BVNL ziet overheidsmaatregelen als de oorzaak van de woningcrisis en wil dat de overheid zich grotendeels terugtrekt uit de woningmarkt. Dit moet leiden tot meer marktwerking, minder bureaucratie en een sneller woningaanbod.
De partij wil de Wet betaalbare huur en de Wet goed verhuurderschap afschaffen, contractvrijheid herstellen en tijdelijke huurcontracten weer toestaan. Dit moet het verhuren aantrekkelijker maken en het aanbod vergroten.
BVNL wil het splitsen van woningen vergunningsvrij maken, het optoppen van gebouwen stimuleren, het vergunningsproces versnellen en het Bouwbesluit vereenvoudigen. Gemeenten mogen geen aanvullende eisen meer stellen.
“Maak het splitsen van grote woningen in kleinere woningen vergunningsvrij.”
“Pas landelijk bestemmingsplannen aan, zodat extra verdiepingen op bestaande gebouwen kunnen worden gebouwd (het zogenaamde optoppen) en bouw überhaupt meer in de hoogte om kostbare ruimte te besparen.”
“Het Bouwbesluit wordt sterk vereenvoudigd.”
“Gemeenten kunnen geen aanvullende eisen stellen bovenop landelijke regels.”
“Verbeter, vereenvoudig en versnel het vergunningsproces voor bouwvergunningen.”
BVNL beschouwt het stikstofbeleid als een bureaucratische blokkade voor woningbouw en wil dit volledig afschaffen om bouwprojecten te versnellen.
“Stop met het onnodige stikstofbeleid en geef weer vergunningen af.”
“BVNL wil dat het 'stikstofprobleem' van tafel gaat. Technisch gezien is er geen stikstofprobleem en we moeten stoppen met het lastigvallen van boeren, vissers en andere ondernemers op grond van een zelf gecreëerd bureaucratisch probleem.”
De partij stelt dat immigratie de belangrijkste oorzaak is van de woningnood en wil een asielstop invoeren om de vraag naar woningen te verminderen.
“Voer een asielstop in. De Nederlandse bevolking krimpt, dus zonder immigratie zou er een overschot zijn aan woningen en zouden de huur- en koopprijzen kelderen.”
“Dit kan door de immigratie te stoppen en de woningmarkt te liberaliseren en te dereguleren, zodat er meer woningen kunnen worden bijgebouwd.”

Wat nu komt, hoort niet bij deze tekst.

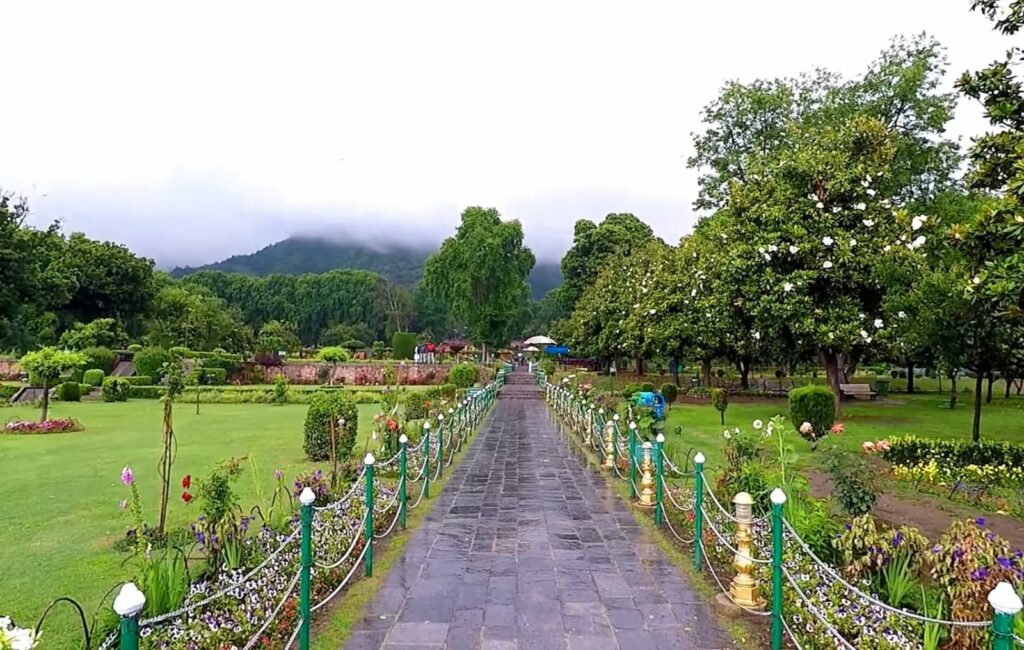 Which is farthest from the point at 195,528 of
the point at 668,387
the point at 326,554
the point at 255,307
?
the point at 255,307

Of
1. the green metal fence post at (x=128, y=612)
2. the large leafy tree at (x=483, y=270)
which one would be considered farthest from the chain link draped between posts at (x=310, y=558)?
the large leafy tree at (x=483, y=270)

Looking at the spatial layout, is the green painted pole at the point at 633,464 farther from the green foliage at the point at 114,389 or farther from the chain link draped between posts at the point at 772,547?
the green foliage at the point at 114,389

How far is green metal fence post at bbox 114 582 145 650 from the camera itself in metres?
2.13

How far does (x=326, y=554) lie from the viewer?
5.07 m

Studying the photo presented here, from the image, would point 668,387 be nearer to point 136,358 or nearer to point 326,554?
point 326,554

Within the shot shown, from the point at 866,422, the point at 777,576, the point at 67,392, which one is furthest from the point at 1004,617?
the point at 67,392

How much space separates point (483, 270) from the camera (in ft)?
140

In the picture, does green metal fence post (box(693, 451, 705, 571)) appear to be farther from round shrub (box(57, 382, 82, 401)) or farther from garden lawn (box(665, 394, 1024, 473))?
round shrub (box(57, 382, 82, 401))

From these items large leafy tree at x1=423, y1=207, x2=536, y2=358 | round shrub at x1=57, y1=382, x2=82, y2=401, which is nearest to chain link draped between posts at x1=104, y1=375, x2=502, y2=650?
round shrub at x1=57, y1=382, x2=82, y2=401

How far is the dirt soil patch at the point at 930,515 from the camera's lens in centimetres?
678

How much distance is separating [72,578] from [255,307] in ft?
258

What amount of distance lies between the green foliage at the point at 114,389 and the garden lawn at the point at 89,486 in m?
5.01

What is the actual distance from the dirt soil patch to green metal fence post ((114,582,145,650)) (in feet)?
21.5

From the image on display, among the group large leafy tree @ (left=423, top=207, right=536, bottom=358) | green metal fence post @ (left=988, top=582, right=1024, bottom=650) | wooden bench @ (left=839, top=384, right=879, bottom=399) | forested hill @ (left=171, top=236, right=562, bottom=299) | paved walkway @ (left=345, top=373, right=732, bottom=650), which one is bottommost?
paved walkway @ (left=345, top=373, right=732, bottom=650) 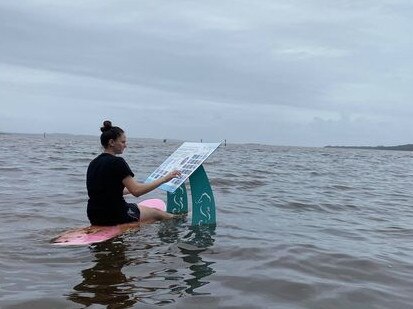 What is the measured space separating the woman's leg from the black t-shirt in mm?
591

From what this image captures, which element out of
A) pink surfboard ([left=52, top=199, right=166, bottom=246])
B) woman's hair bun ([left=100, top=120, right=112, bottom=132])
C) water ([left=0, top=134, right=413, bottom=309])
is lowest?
water ([left=0, top=134, right=413, bottom=309])

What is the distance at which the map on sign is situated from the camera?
8.27 meters

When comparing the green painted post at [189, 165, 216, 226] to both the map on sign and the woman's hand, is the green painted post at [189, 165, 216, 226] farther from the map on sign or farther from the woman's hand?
the woman's hand

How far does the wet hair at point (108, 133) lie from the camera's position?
743 centimetres

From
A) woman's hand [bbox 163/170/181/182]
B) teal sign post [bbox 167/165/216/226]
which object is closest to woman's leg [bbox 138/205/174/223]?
teal sign post [bbox 167/165/216/226]

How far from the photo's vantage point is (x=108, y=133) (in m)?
7.43

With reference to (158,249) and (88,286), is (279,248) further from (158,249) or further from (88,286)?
(88,286)

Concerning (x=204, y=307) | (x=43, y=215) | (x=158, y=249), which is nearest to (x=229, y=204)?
(x=43, y=215)

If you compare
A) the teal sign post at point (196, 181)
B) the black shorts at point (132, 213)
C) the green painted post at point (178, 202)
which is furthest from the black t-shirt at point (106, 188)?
the green painted post at point (178, 202)

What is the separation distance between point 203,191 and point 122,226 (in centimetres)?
167

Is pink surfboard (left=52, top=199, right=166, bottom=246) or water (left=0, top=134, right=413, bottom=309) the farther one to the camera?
pink surfboard (left=52, top=199, right=166, bottom=246)

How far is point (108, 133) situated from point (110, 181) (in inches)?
28.7

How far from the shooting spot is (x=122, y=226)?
7938 millimetres

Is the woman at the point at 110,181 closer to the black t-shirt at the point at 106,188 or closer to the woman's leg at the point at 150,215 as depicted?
the black t-shirt at the point at 106,188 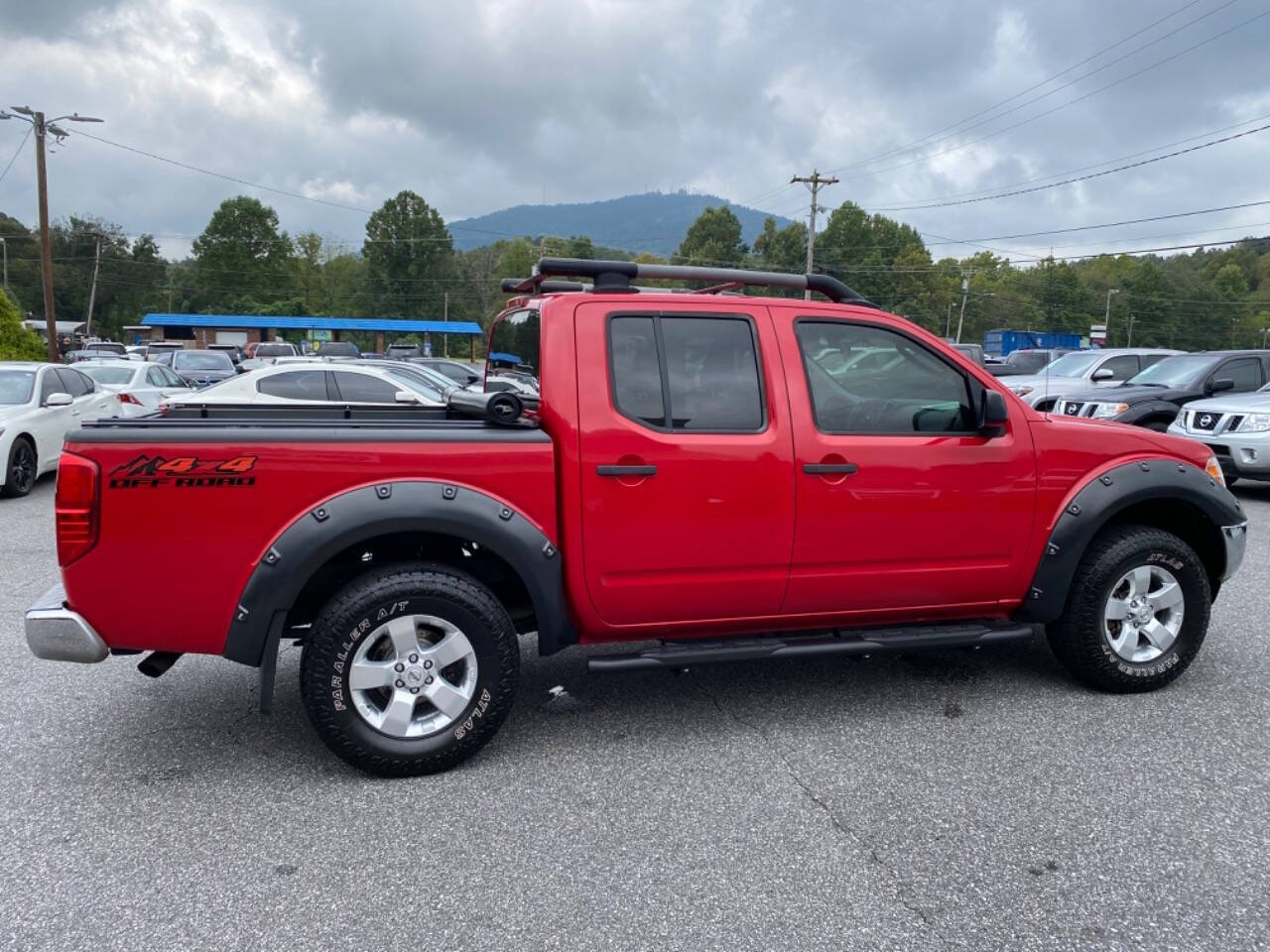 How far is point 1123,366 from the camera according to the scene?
55.4 feet

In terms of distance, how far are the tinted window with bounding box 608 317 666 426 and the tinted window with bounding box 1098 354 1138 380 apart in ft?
50.2

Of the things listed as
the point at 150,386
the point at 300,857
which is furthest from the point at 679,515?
the point at 150,386

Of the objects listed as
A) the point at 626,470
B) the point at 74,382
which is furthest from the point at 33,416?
the point at 626,470

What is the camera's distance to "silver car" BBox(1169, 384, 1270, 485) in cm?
1015

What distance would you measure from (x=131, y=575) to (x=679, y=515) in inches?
82.0

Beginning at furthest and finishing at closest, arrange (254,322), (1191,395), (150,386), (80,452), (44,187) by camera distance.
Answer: (254,322) → (44,187) → (150,386) → (1191,395) → (80,452)

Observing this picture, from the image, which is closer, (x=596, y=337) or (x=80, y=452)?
(x=80, y=452)

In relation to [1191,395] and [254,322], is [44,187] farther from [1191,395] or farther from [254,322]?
[254,322]

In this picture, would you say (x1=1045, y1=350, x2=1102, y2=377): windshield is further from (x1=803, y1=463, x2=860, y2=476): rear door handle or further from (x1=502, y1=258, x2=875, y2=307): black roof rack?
(x1=803, y1=463, x2=860, y2=476): rear door handle

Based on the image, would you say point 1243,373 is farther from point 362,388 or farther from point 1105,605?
point 362,388

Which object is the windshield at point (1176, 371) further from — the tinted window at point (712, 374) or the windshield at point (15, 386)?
the windshield at point (15, 386)

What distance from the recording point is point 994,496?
4121mm

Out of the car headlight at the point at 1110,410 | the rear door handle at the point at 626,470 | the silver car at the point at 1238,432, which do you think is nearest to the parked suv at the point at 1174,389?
the car headlight at the point at 1110,410

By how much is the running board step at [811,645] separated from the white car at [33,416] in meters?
8.59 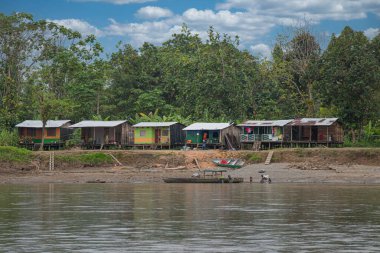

BVNL wil de huurtoeslag afschaffen en de kostendelersnorm schrappen, zodat samenwonen aantrekkelijker wordt en de druk op de woningmarkt afneemt.
Om het kopen van woningen te stimuleren, wil BVNL de overdrachtsbelasting voor iedereen terugbrengen naar 2%.
“De overdrachtsbelasting wordt verlaagd naar het oude tarief van 2% voor iedereen.”
NSC wil de woningmarkt versnellen door meer betaalbare woningen te bouwen, procedures te verkorten en investeringen te stimuleren. Ze zetten in op een mix van sociale huur, middenhuur en betaalbare koop, met concrete maatregelen zoals een versnellingsfonds, het beperken van huurverhogingen en het aanpakken van grondspeculatie. De partij legt nadruk op regie van de overheid, bescherming van huurders en het vergroten van de investeringscapaciteit van woningcorporaties.
NSC ziet het woningtekort als een uitvoeringscrisis en wil jaarlijks 100.000 woningen bouwen, waarvan een groot deel sociaal en betaalbaar. Hiervoor willen ze procedures verkorten, een versnellingsfonds inzetten en de overheid meer regie geven bij knelpunten.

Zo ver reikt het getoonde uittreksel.